# Photoshop vs Photomatix



## JCE (Feb 15, 2014)

I'm sure this has probably been discussed before, but I did a search for a thread title containing both words and looked through about the first 5 pages of this section of the forum and found nothing, other than a post saying Photomatix is "better".

I have PS Elements 12, and have just started to play with the HDR feature. I am not real happy with the results....the detail within the merged pictures looks weird. Yes, I am shooting still subjects. But, this is also difficult because I am having to touch the camera (d3200) since it doesn't have bracketing, so I am sure there may be some movement when adjusting shutter speed and resetting the shutter delay after each shot. D7100 is in the near future if/when Nikon puts them on sale....:thumbup:

Anyway I am wondering if Photomatix Essentials would be an upgrade, or even going with the pro but I am not sure I need that since photography is just a hobby. Or, maybe another software?

Thoughts, and any obvious qualities of one over the other? Thanks.

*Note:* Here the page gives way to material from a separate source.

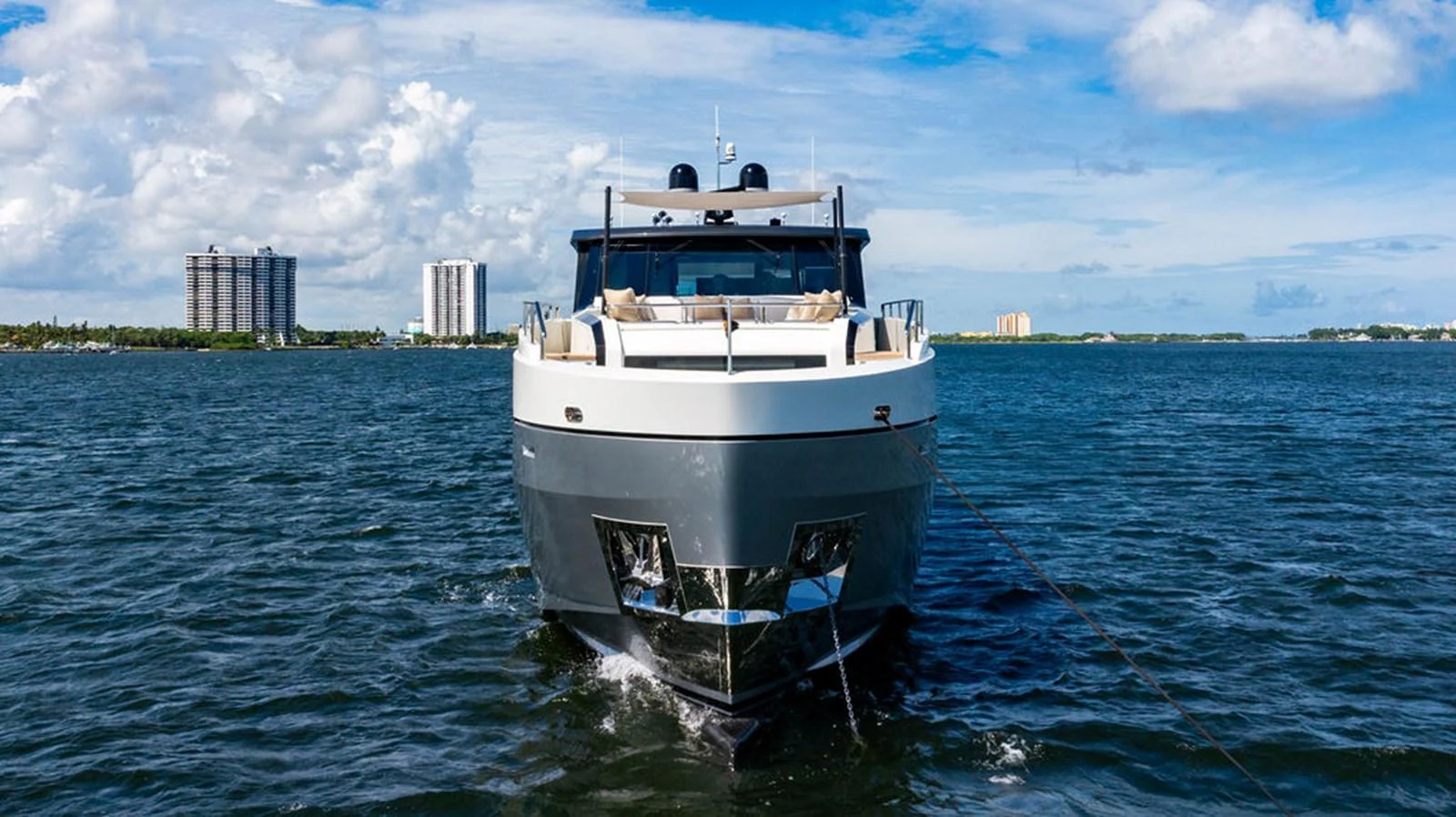 A modern yacht cruising on calm waters with a cityscape in the background. aboard M/Y 12 Yacht for Sale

Regardless, I understand I may not get the full benefit until I get another camera....


----------



## JustJazzie (Feb 15, 2014)

I have cs6 and I have the photomatix free trial. I've only played around with HDR, but I've used both and IME, the photoshop hdr seems like a joke compared to photomatix. I've never loved an hdr I've created in photomatix, but when I tried it in photoshop the results were laughable. Maybe it's because I don't understand the programs or how to do good hdr.....
Sorry I'm rambling. Photomatix should have a free trial. Mine never expired I just can't save my work until I buy the licensee, so I would just download that and decide for yourself!


----------



## HughGuessWho (Feb 15, 2014)

I have both photoshop cs6 and Photomatix. You can get pretty much the same results for HDR from both. However, I find Photomatix to me much quicker, easier and user friendly. Bottom line, however, is to each, his own. Give the free Photomatix trial a go. You just might like it. And the full purchased version is not too expensive.


----------



## JCE (Feb 15, 2014)

Been doing some more reading. The 'merge' tool in Elements seems to be lacking vs other HDR software. I agree since I can't seem to make it look decent. Photomatix it is.


----------



## D-B-J (Feb 15, 2014)

I've always had good success with photomatix.

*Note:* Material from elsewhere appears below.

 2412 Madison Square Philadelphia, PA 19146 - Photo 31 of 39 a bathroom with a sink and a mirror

Sent from my iPhone using Tapatalk


----------



## xj0hnx (Feb 16, 2014)

JustJazzie said:


> I have cs6 and I have the photomatix free trial. I've only played around with HDR, but I've used both and IME, the photoshop hdr seems like a joke compared to photomatix. I've never loved an hdr I've created in photomatix, but when I tried it in photoshop the results were laughable. Maybe it's because I don't understand the programs or how to do good hdr.....
> Sorry I'm rambling. Photomatix should have a free trial. Mine never expired I just can't save my work until I buy the licensee, so I would just download that and decide for yourself!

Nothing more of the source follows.